O julgamento do ex-presidente Jair Bolsonaro (PL) e mais sete aliados, na ação penal da suposta trama golpista, que tramita no Supremo Tribunal Federalista (STF), deverá ocorrer no término de agosto ou início de setembro. A perspectiva para a data se dá em razão dos 45 dias que são reservados às alegações finais entre todas as partes.
O ministro Alexandre de Moraes, relator do caso, já abriu o prazo, nesta sexta-feira (27), para que a Procuradoria-Universal da República (PGR) apresente suas alegações em até 15 dias. O PGR, Paulo Gonet, deverá pedir a pena do líder da direita no Brasil e os demais réus.
Em seguida, é acessível o mesmo prazo para que o tenente-coronel Mauro Cid apresente suas alegações. Porquê é o delator, o ex-ajudante de ordens da Jair Bolsonaro terá de realizar esta lanço processual antes dos demais réus. Logo posteriormente, os aliados do ex-presidente, acusados no processo, também apresentarão seus pareceres finais, respeitando o prazo de 15 dias.

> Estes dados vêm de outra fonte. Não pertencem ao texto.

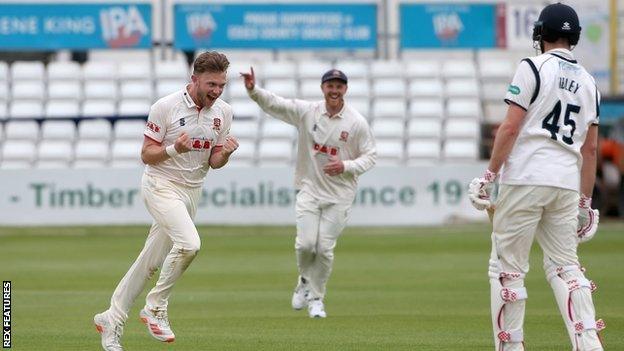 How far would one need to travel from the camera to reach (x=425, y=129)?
82.7 ft

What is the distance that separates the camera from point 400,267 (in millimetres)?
16312

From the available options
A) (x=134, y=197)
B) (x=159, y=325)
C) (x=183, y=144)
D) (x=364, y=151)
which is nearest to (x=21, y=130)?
(x=134, y=197)

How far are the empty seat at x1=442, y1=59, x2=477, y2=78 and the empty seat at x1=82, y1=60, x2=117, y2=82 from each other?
20.0ft

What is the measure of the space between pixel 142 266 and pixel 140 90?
16.7m

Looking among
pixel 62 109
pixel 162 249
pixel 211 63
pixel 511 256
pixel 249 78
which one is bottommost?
pixel 162 249

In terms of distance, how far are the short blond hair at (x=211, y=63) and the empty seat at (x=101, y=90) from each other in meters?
16.8

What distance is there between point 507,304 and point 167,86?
18.0 m

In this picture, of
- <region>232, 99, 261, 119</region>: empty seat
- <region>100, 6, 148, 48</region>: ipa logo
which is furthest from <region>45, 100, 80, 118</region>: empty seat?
<region>232, 99, 261, 119</region>: empty seat

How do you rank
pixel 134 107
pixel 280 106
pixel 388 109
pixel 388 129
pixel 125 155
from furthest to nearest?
pixel 388 109, pixel 134 107, pixel 388 129, pixel 125 155, pixel 280 106

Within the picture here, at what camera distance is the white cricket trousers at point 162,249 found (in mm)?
9039

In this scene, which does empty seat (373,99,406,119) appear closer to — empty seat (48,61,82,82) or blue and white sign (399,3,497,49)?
blue and white sign (399,3,497,49)

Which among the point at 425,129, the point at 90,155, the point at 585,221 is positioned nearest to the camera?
the point at 585,221

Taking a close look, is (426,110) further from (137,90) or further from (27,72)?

Os prazos processuais não serão interrompidos durante o recesso do Judiciário, em julho, porque um dos réus está recluso. É o caso do ex-ministro Walter Braga Netto.
O prazo de 15 dias oferecido a cada segmento passa a ser contabilizado a partir da data da notificação, o que pode ocorrer já nesta sexta-feira ou nos dias seguintes.
Compreendendo todas essas etapas processuais, que deverão se fechar até a primeira quinzena de agosto, caberá ao ministro Alexandre de Moraes erigir seu voto e liberar a ação para o julgamento. Neste momento, caberá ao presidente da Primeira Turma, Cristiano Zanin, marcar a data que decidirá o horizonte do ex-presidente Jair Bolsonaro e seus aliados.